Ce contre quoi les (vrais) démocrates, les intellectuels (ceux pour qui la politique n’est pas, nécessairement, celle du ventre) et les militants des droits de l’Homme se sont toujours battus est arrivé :
notre pays est, désormais, cité en exemple, presque parfait, de transition ratée et d’intervention militaire dans le jeu politique. Un ministre tunisien démissionnaire n’a pas cessé de répéter, sur tous les tons et dans tous les organes de presse, que la plus grande crainte de la classe politique est que leur pays ne prenne le chemin de la Mauritanie. La nôtre, de classe politique, ainsi que nous, simples citoyens, devrions avoir honte de s’être laisser berner par des militaires et qu’on nous le rappelle de si loin, d’un pays qui ne sait, même pas, ce que démocratie veut dire. Pour une fois, notre armée a servi à quelque chose : elle nous a fait une mauvaise publicité. Nos vaillantes forces armées, incapables de remplir les missions pour lesquelles leurs éléments ont été enrôlés, ont, désormais, un violon d’Ingres: mener le pays à la dérive, en voulant tout régenter, après en avoir fait un contre-exemple. Les hommes en armes ont, en effet, la fâcheuse habitude de s’incruster au pouvoir et de ne le lâcher que contraints et forcés. La Tunisie et l’Egypte l’ont démontré, avant que la Libye et le Yémen ne prennent le train en marche. Le pouvoir militaire est incompatible avec la démocratie et seule la volonté populaire est capable de le déraciner, en un tour de main. Fort de ses démembrements, de ses tentacules, de son armée bien armée, de l’argent qu’il a réussi à amasser, en pillant le pays, de ses soutiens extérieurs et intérieurs, il se révèle, pourtant, plus faible que jamais, devant les coups de boutoir d’une rue armée de sa seule volonté de briser les chaînes.

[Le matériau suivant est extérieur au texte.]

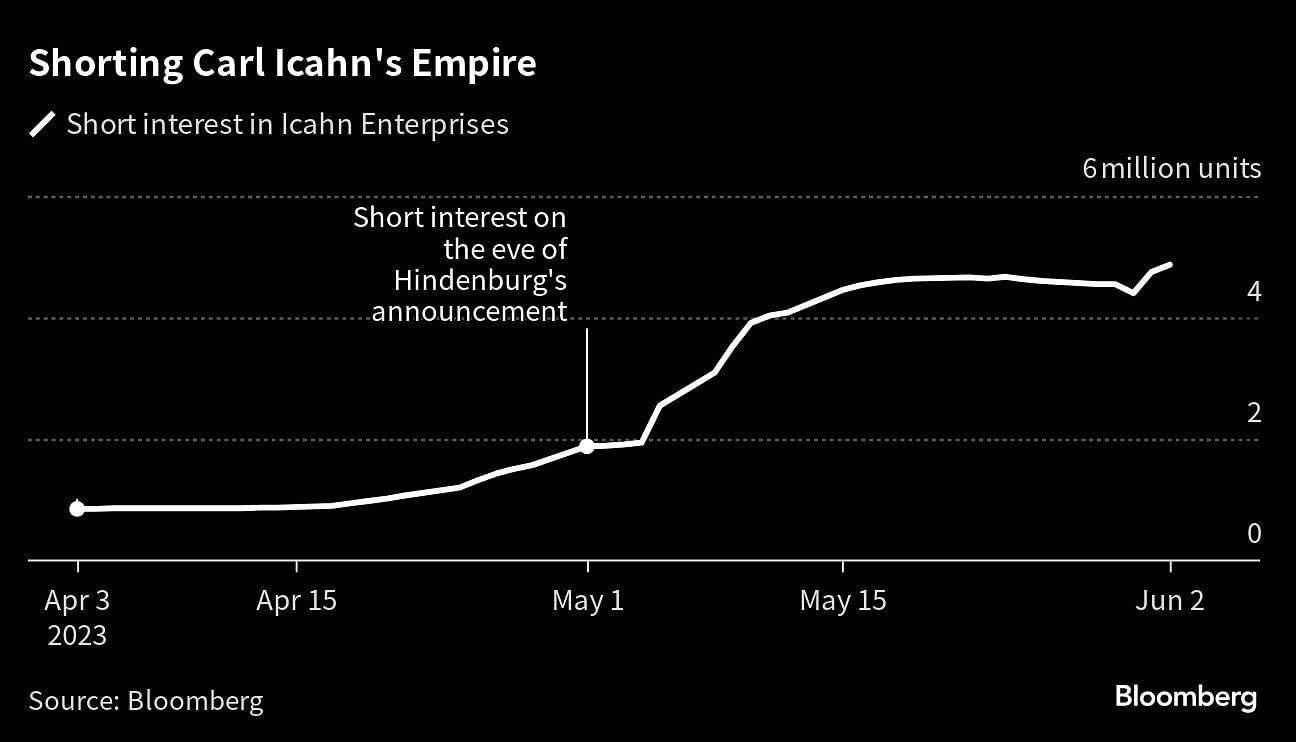 Adani Short-Seller Accusations Won't Faze Indian Investors - Bloomberg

Où s’arrêtera le tsunami tunisien? Pourquoi n’a-t-il emporté, jusqu’à présent, que des régimes dirigés par des militaires? Les monarchies seraient-elles mieux insérées dans le tissu social, plus auréolées de cet instinct de conservation populaire qui accorde, spontanément, plus de légitimité au plus traditionnel? Sinon, policièrement plus efficaces? Les deux pouvoirs qui résistent, jusqu’à présent, malgré la violence de la contestation, n’ont obtenu de sursis que grâce à l’appui de certaines tribus (Yémen) ou de miliciens (Libye). En Mauritanie, où nous avons les deux, cela nous prémunira-t-il? De moins en moins nombreux, pourtant, ceux qui croient que notre vieux système tribal puisse dompter les multiples contradictions, économiques, sociales et écologiques, générées par notre absorption dans la modernité. Et les plaies, pas vraiment refermées, des années de braise où l’instrumentalisation, négative, de notre diversité aura, surtout, fragilisé notre construction nationale, ne nous incitent guère à parier une seule ouguiya sur le moindre affrontement armé. La flamme de la contestation doit, pourtant, s’allumer et se propager. Est-ce au vent nouveau de la génération Facebook qu’on devra cet indispensable mouvement? La Mauritanie dégénère, croupissant dans des attitudes, surannées, de gazra, s’auto-pillant, elle-même, sous l’égide de dirigeants d’une autre époque. Il faut y mettre un terme définitif. Générations montantes, régénérons, sans violence mais avec hardiesse, notre Nation!